Had their daughter, who struggled with the death of a younger sister and was dependant on anti-depressents, suffered some sort of breakdown? She was due to fly from Fort Lauderdale to North Carolina for a job interview, a bright spot for the recently divorced Plantation resident and IBM analyst.
Had Schoening, whose car was also missing, accidentally driven into a canal on her way to the airport? Her parents hired a pilot to fly over local bodies of water while police divers went to work, but there was no sign of her.
Had something more sinister happened? A year after she went missing, a pin number was requested for Schoening's 401(k) account, but the lead went nowhere.
Her parents now have an answer, though it may not be what they hoped: advanced sonar technology found Schoening's body, entombed in her 1997 Mitsubishi Eclipse, in a pond just 100 feet from her front door in the Gatehouse on the Green development.
"We're happy she was found, but sad about the circumstances," her mother, Arlene Schoening, said from her home in New Jersey. "We'd been going through all the possibilities."
The discovery doesn't tie the case up entirely.

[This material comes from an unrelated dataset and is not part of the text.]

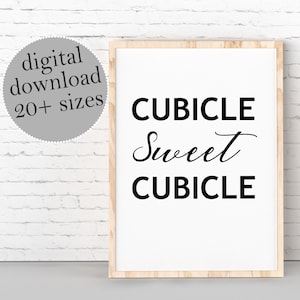 Cubicle Sweet Cubicle, Office Decor, Cubicle Sign, Job Promotion Gift, PRINTABLE Wall Art, Cubicle Decor, New Job Gift, Welcome To My Cube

Details of how Schoening ended up on the pond are murky: police say she drove between two parked cars and plunged into the water, where her car flipped upside down before coming to rest about 12 feet deep. But during the original search, no mention was made of any signs a car had left the road and gone into the pond, and Arlene Schoening says she has been asked by police in Plantation and New Jersey not to discuss details of the case.